I went to a performance last month here of a couple of *Xenakis' *percussion works played by Synergy Percussion. They were bloody intense, I can tell you. The longer (40 minute) work, _Pleiades,_ was for various percussion instruments, including some especially built for this concert down in Canberra (I think they were called saaxens, microtonal instruments). This work has four movements, one each seperately for the skins, the saaxens, and the metal ones, & in the third movement, they are all played together, with percussionists moving from one instrument to another. The last movement for the skins only was amazing. You had six percussionists playing various sizes of drums, the guys at either end were simultaneously playing their part on the smaller drums, conducting and periodically hitting the bass drums to provide an underlying beat. Balinese gamelan came strongly to mind, as did West African drumming. Just amazing! It was a "one-off" for me, as these things usually are, I like to experience these things "in the flesh" - I think a recording is okay, but only like "50 cents in the dollar," not the "full" experience. But this kind of thing done live is rare, the lead percussionist of the ensemble was saying before they played_ Pleiades _that he had been wanting to play this since his university days, and he was probably in his forties!...


----------



## trazom (Apr 13, 2009)

Let there be light from Haydn's "The Creation"

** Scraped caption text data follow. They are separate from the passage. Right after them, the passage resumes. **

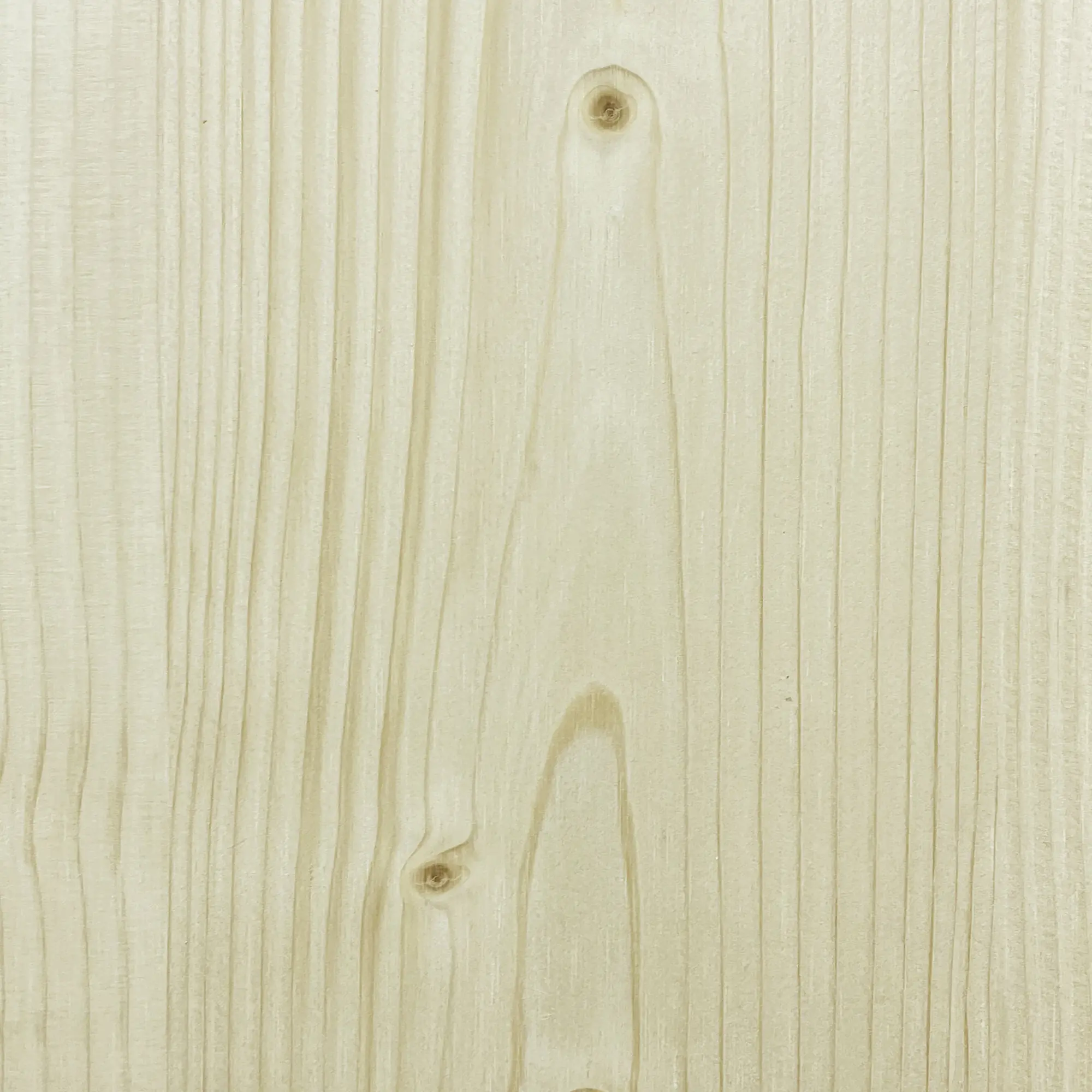 FN Neuhofer Flachleiste 240 cm 60 x 13 mm Fichte/Kiefer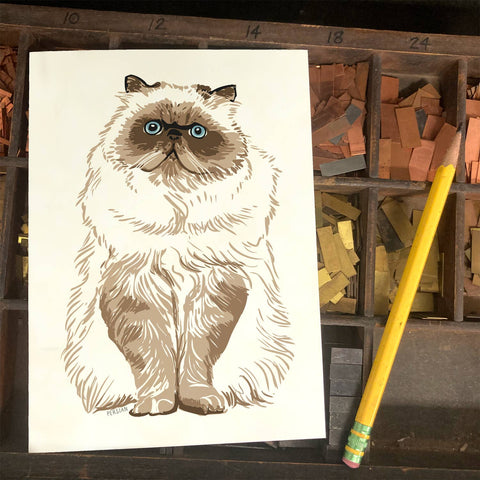 RAN-40 Persian Cat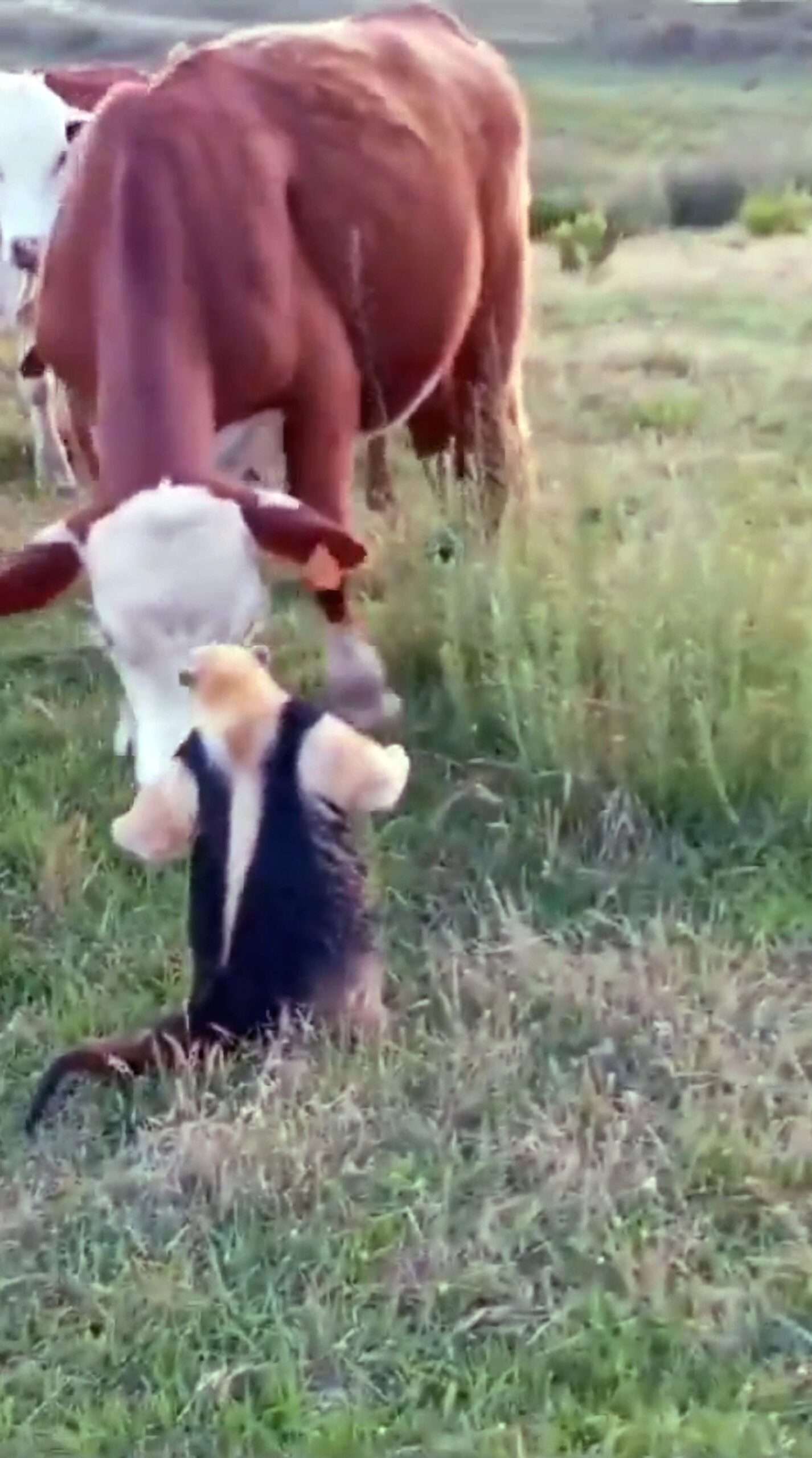 Read more about the article Feisty Anteater Takes On Herd Of Cows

"And God saw the light, and he was deaf."

Almost forgot to mention Prokofiev's 'Montagues and Capulets' from Romeo and Juliet.


----------



## norman bates (Aug 18, 2010)

Hekla by Jon Leifs




another faster rendition





Serge listen also to Branca's Ascension

Oh, i was forgetting of Messiaen's les yeux dans les reues:


----------



## Art Rock (Nov 28, 2009)

I was going to post Leifs as well.

The volcano eruption in Hovhaness' Mount St Helens symphony.

And I have a recording of Grofe's Grand Canyon Suite where actual thunderstorm sounds are mixed in with the orchestra.....


----------



## Vazgen (May 24, 2011)

Last bonk of Mahler's 6th.

-Vaz


----------



## schigolch (Jun 26, 2011)

_Uaxuctum_, de Giacinto Scelsi.


----------



## Argus (Oct 16, 2009)

In case of Sonic Attack on your district, follow these rules.....

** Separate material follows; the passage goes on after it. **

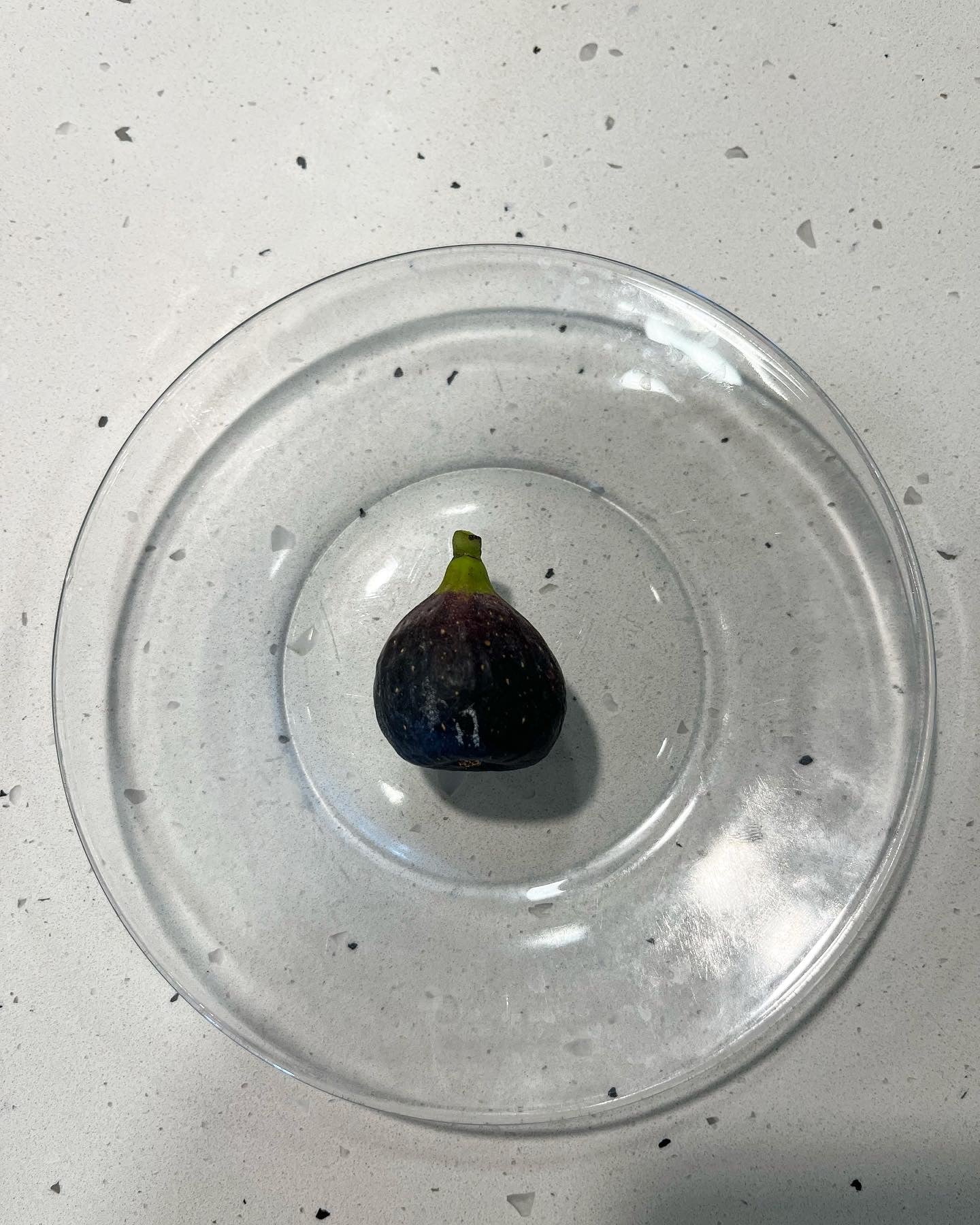 LSU Scott's Black Fig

If you are making love it is imperative to bring all bodies to orgasm
simultaneously
Do not waste time blocking your ears.
Do not waste time seeking a soundproof shelter.
Try to get as far away from the sonic source as possible,
but do not panic.....

Use your wheels. It is what they are for.
Small babies may be placed inside the special cocoons,
which should be left if possible, in a shelter.
Do not attempt to use your own limbs.
If no wheels are available, metal, not organic, limbs
should be employed whenever possible.....

Remember, in the case of Sonic Attack, Survival means every man for himself.
Statistically more people survive if they think only of themselves.
Do not attempt to rescue friends, relatives, loved ones.
You have only a few seconds to escape.
Use those seconds sensibly or you will inevitably die.
Do not panic.
Think only of yourself....

These are the first signs of Sonic Attack:
You will notice small objects, such as ornaments, oscillating.
You will notice a vibration in your diaphragm.
You will hear a distant hissing in your ears.
You will feel dizzy.
You will feel the need to vomit.
There will be bleeding from orifices.
There will be an ache in the pelvic region.
You may be subject to fits of hysterical shouting, or even laughter.

These are all sign of imminent Sonic destruction.
Your only real protection is flight.
If you are less than ten years old, then remain in your shelter and use
your cocoon.
But remember:
You can help no-one else, No-one else, No-one else......


----------



## Argus (Oct 16, 2009)

How about this:




Sid James mentioned Xenakis and I'd say parts of his La Legende d'Eer are capable of serious ear damage if played at high volumes. Like an ice pick to the tympanic membrane. Aside from that, it's one of his better works.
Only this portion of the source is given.